As an aside, for the same 15 mA output current, if you instead drive a single 3V LED (such as for a headlight) the LM317 will get hotter...and might be pushing the envelope but that's a separate discussion.
As long as the LM317 is of the SOT-223 package style, it will work. When you say "1 Amp" LM317 note that this board is intended for low-power applications...such as the 0.015 Amps suggested earlier. You will have serious heat problems operating this tiny board at 0.1 Amps or whatever.

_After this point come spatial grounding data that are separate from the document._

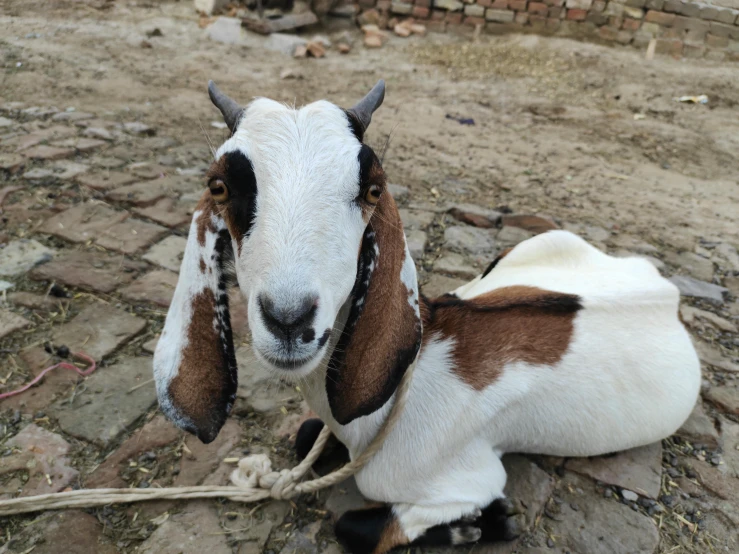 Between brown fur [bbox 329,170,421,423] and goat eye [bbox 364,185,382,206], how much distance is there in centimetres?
11

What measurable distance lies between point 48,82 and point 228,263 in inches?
268

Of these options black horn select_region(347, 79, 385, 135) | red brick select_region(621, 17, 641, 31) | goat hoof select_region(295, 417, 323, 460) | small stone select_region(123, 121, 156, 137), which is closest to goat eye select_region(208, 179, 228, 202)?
black horn select_region(347, 79, 385, 135)

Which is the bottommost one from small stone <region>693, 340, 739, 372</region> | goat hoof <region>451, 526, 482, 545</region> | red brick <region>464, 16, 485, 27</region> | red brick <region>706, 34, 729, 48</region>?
goat hoof <region>451, 526, 482, 545</region>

Note that the 100uF capacitor might be marginal for flicker rejection. I believe GRJ's assembled board uses a 330uF - in other words 3x larger. Your mileage may vary. You might consider buying an assortment of lower cost thru-hole radial capacitors and soldering the leads to the SMD pads. This might provide additional mounting flexibility. Note that this bare-board can serve a variety of applications - including non-rolling-stock in which case a very small capacitor could be used so the entire board can fit in the cavity under Realtrax or Fastrack.
The MDB10SV package has 4mm lead spacing. The other two part number you show are ~5mm and ~2.5mm.